Articoli
Miki Okubo, La fine del diario intimo. Dall’antico Giappone a Twitter
Fabrizio Scrivano, Ossessione di esserci. Gli autoinganni nell’autofinzione
Sergio Benvenuto, Una sindrome neuropsicologica di autoinganno: la negligenza spaziale unilaterale
Paolo Bartoloni, Autobiografia della disunità: Svevo tra vita e letteratura
Antonio Romano, Dalla mancanza all’invenzione di sé
Marco Viscomi, Decostruzione dell’autoinganno collettivo. Falsità e illusione nella Storia vera di Luciano
Cristina Formenti, Sbarchi alieni tra piante di spaghetti: l’hoax come specchio del realismo
Testi
Serge Doubrovsky, L‘origine della categoria letteraria di autofinzione
Vincent Colonna, Autofinzioni, affabulazioni e istinti
Saggi
Enea Bianchi, George Kubler o l’arte perenne
Recensioni
Mauro Dorato, Che cos’è il tempo? Einstein, Gödel e l’esperienza comune(Loredana Di Adamo)
Massimo Recalcati, Il Complesso di Telemaco (Milosh Fascetti)
Marco Vozza, Il nuovo infinito di Nietzsche – La futura obiettività tra arte e scienza (Enea Bianchi)
Marco Maria Gazzano, Kinēma. Il cinema sulle tracce del cinema: dal film alle arti elettroniche, andata e ritorno (Simone Villani)
Schede
Laure, Les Cris de Laure (Aldo Marroni)
Alessandro Delcò, Merleau-Ponty und die Erfahrung der Schöpfung (Ipazia Höhenflug)
Le nozioni di autoinganno e di autofinzione appartengono a campi concettuali differenti. Il primo è un termine della psicologia e della neurologia, il secondo della teoria della letteratura e dell’estetica. Questo numero di “Ágalma” fornisce contributi molto diversi tra loro; essi mostrano come le due prospettive possono intrecciarsi e confondersi l’una con l’altra.

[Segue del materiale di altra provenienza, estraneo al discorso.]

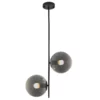 Lampa wisząca Venus do jadalni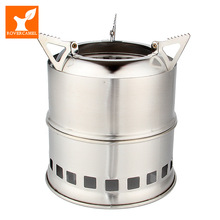 Ұ�I���tҰ���t�����t��ľ̿ú���w�ƾ��t����t�߿��ռ{WS003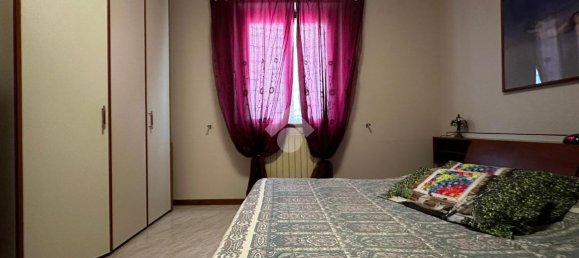 8-salle Villa à Palazzolo sull'Oglio, Italy No. 6551 30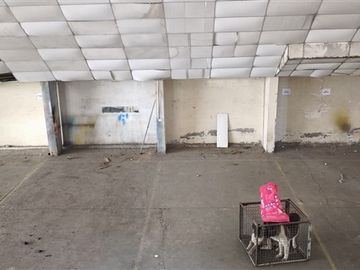 Sitio en arriendo en Recoleta el salto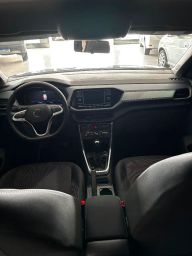 https://img.olx.com.br/thumbs256x256/74/742667668146828.jpg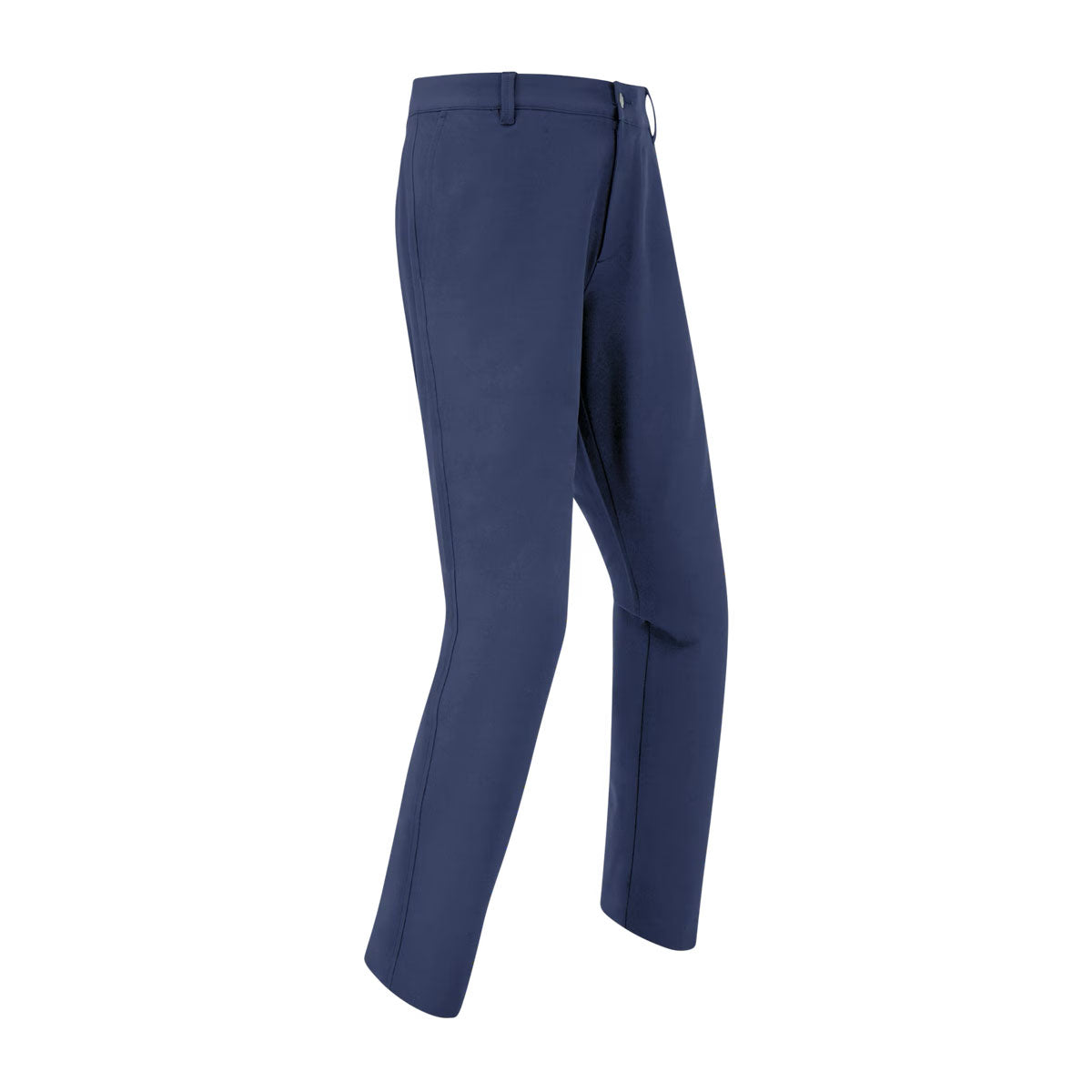 FootJoy Par Golf Trousers - Navy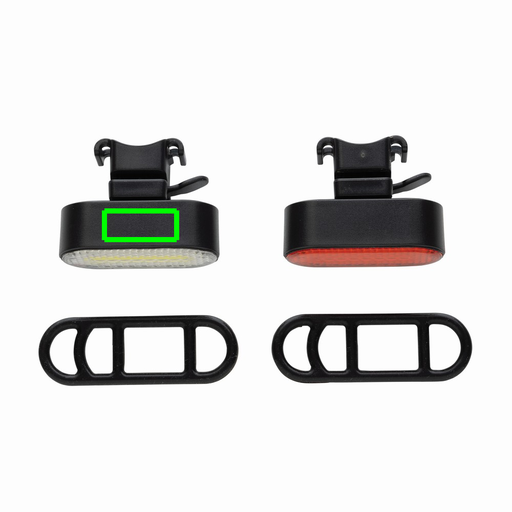 Pozycja nadruku: Element 1 Przód (25 × 10 mm)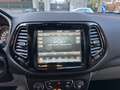 Jeep Compass 2.0 Mjt Limited 4WD 170cv AUTO | 100.000KM!!! Grijs - thumbnail 19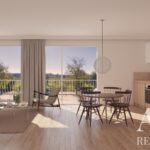 Apartamento 1 quarto à venda em FiniSal, Álcacer do Sal, Alcacer do Sal, Setubal &bull; ARE36784 - gallery image
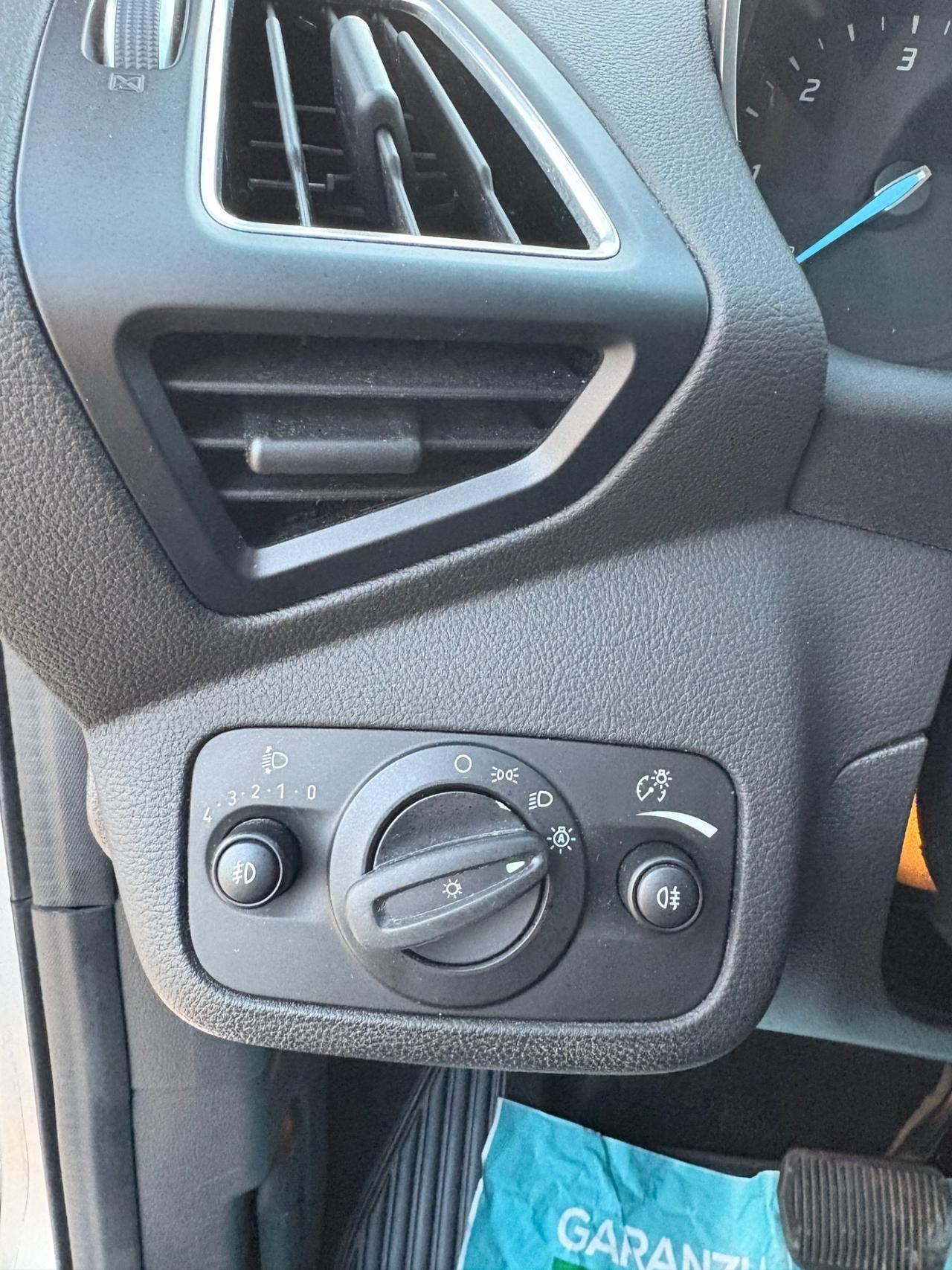 Ford Kuga 2.0 TDCI 150 CV S&S 4WD Business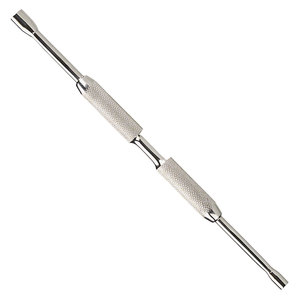 Dosificador Pequeño de 158 mm, Instrumento Dental para Medición de Dosis Exacta, Manejo de Materiales Limpio y Económico, Precisión Dental - Product Image 3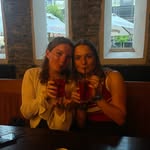 @ellen.redfearn - Instagram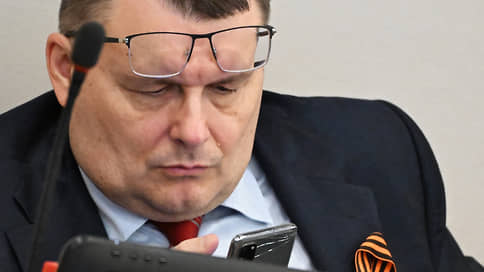 Депутат Госдумы Федоров предложил ввести для иноагентов налог в 5% от прибыли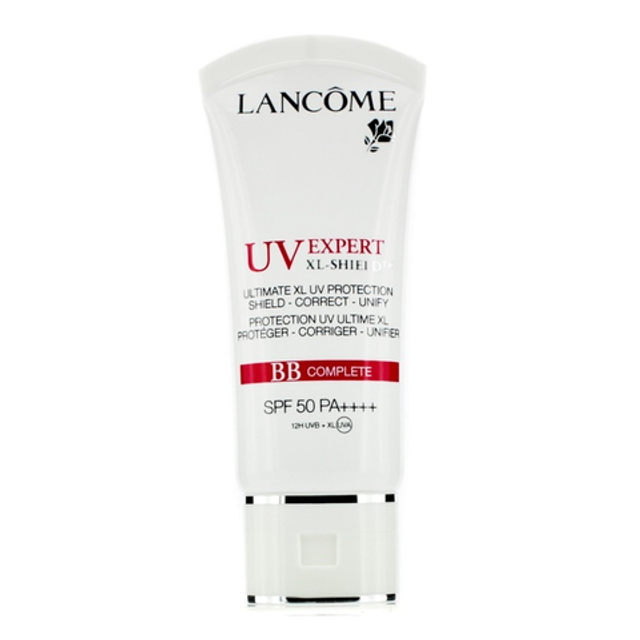 Kem Trang Điểm Lancome BB Chống Nắng SPF50 PA+++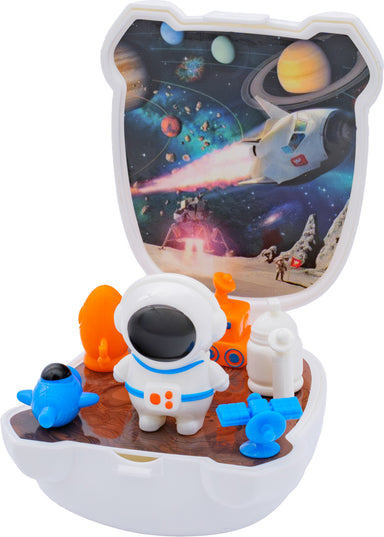 Astroverse Mini Spacescapes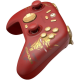 Бездротовий геймпад GameSir T4 Nova Lite 2 Iron Man Edition + 2.4GHz + кейс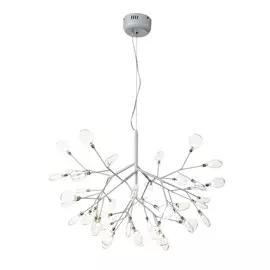 Люстра St Luce RICCARDO SL411.503.45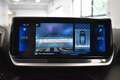 Peugeot 208 GENERATION-II 1.2 100ch GT PACK FULL OPTIONS CAMER Gris - thumbnail 12
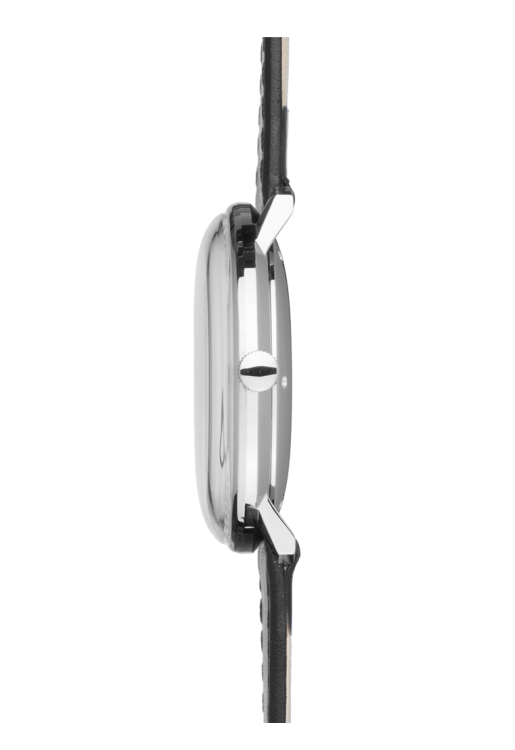 Junghans max bill Automatic Outlet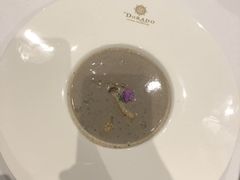 -西山人家·二十年老字号农家菜(旺山店)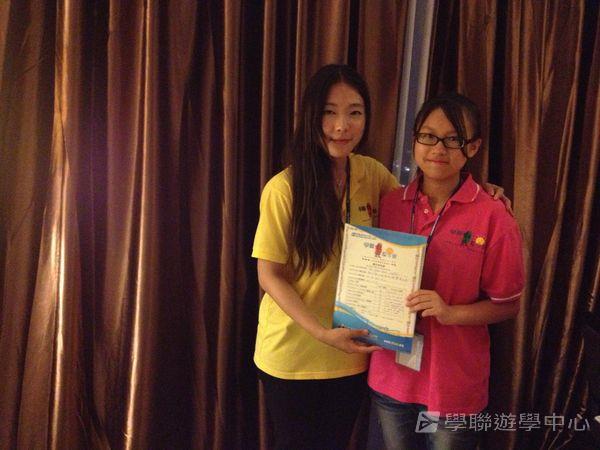 新加坡小領袖訓練學習之旅,學聯遊學團
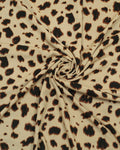 Sand Spot Linen Shirt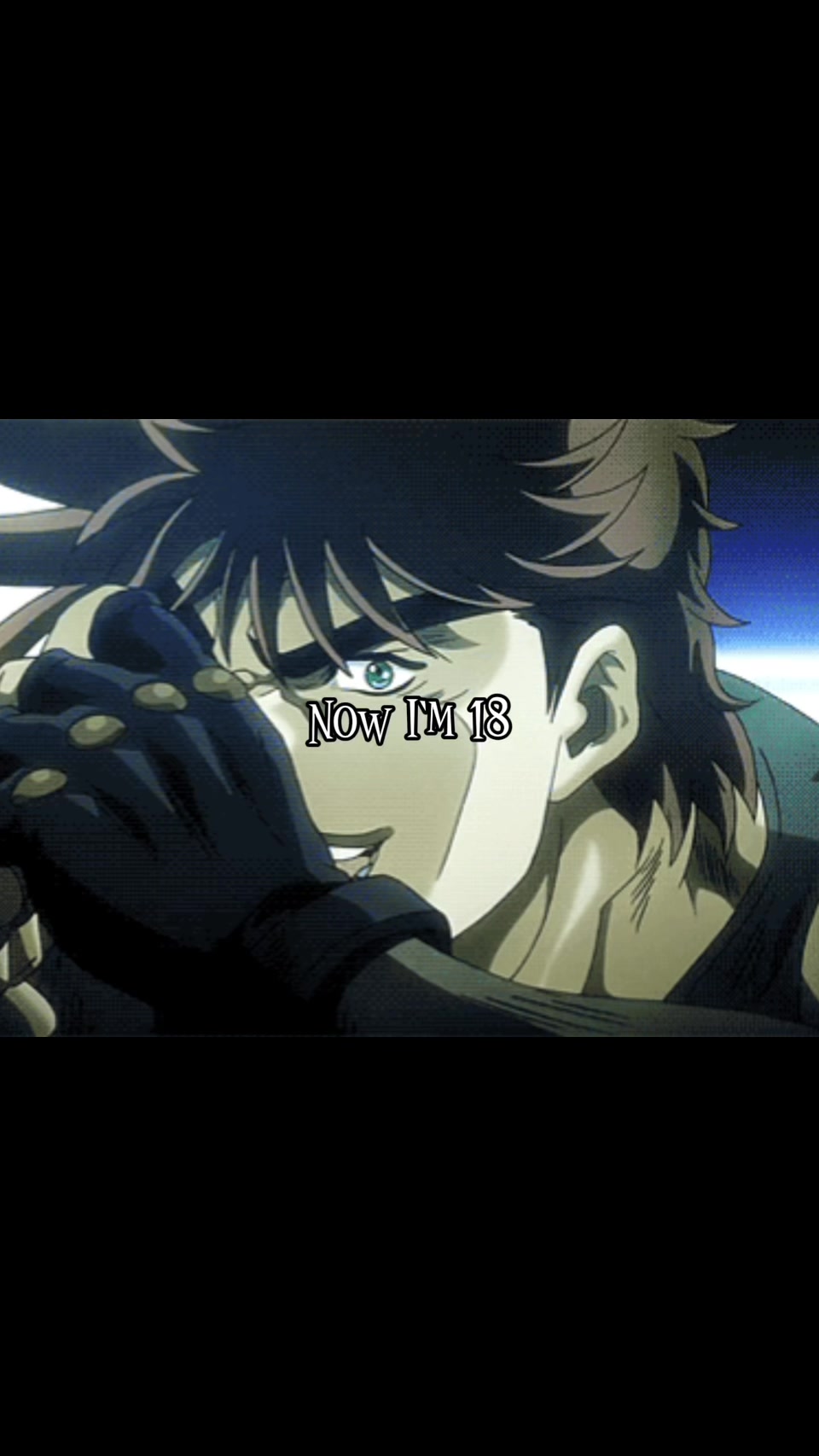 @🌟💜Raven Joestar💜🌟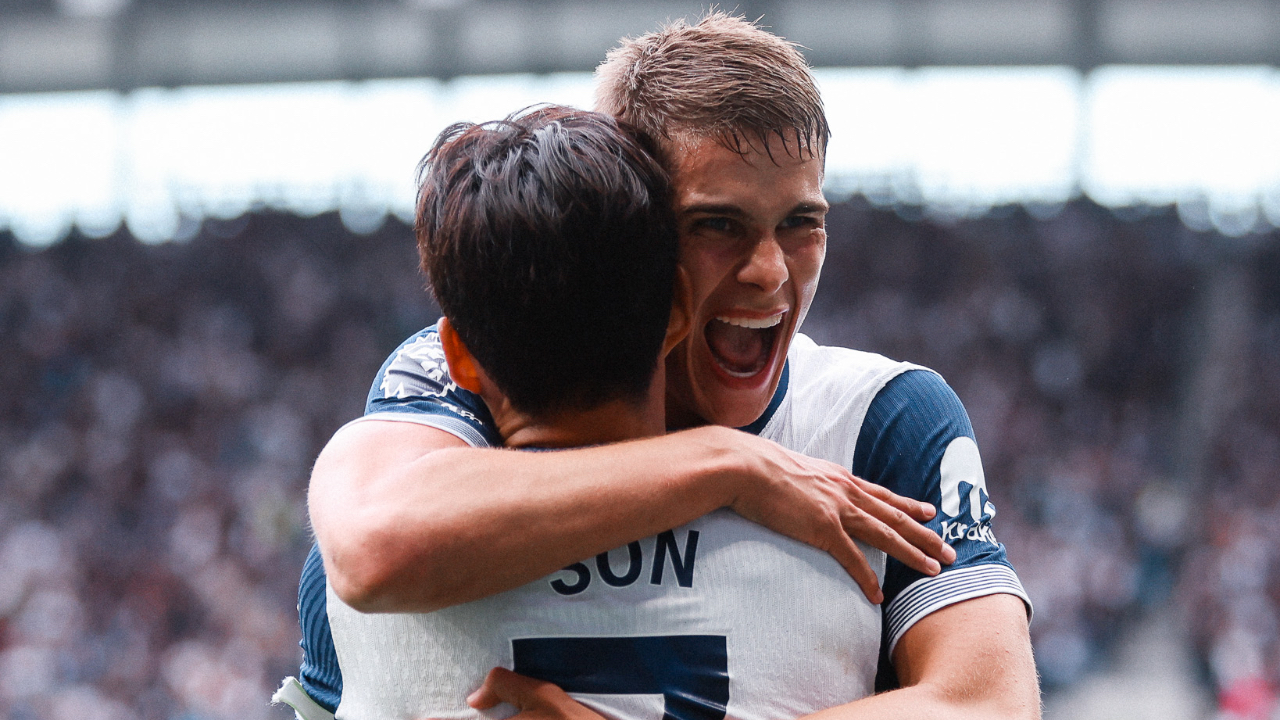 TOTTENHAM-ARSENAL: STATISTICHE, QUOTE E PRONOSTICO TOTTENHAM-ARSENAL: STATISTICHE, QUOTE E PRONOSTICO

L’autoinganno, traduzione del termine inglese self-deception, è un processo psicologico che induce l’individuo a negare una realtà evidente agli altri senza avere nessuna consapevolezza di questo occultamento. Come scrive Patrizia Pedrini nel suo libro dedicato a questo argomento (L’autoinganno. Che cos’è e come funziona, Bari, Laterza, 2013), esso si configura come un fenomeno che appartiene alla più ampia famiglia dei casi della cosiddetta “irrazionalità motivata”, come l’akrasia (debolezza della volontà) o il wishful thinking (pensiero illusorio che induce il soggetto a credere e a prendere delle decisioni sulla base dei propri desideri, prescindendo dalla realtà). L’autoinganno consiste nella formazione e nel mantenimento di una credenza falsa ignorando completamente l’evidenza contraria. Tale fenomeno è stato oggetto di un serrato dibattito nella filosofia analitica anglosassone, del quale Patrizia Pedrini fornisce un resoconto scrupoloso e dettagliato. Vi sono due teorie opposte: la prima “intenzionalistica”, secondo la quale l’autoinganno si fonda su una intenzione, collocata a un qualche livello di consapevolezza. La seconda “anti-intenzionalistica” ritiene al contrario che spinte di carattere emozionale siano decisive nell’occultare completamente il lavoro epistemico che ci porterebbe a sapere come effettivamente stanno le cose.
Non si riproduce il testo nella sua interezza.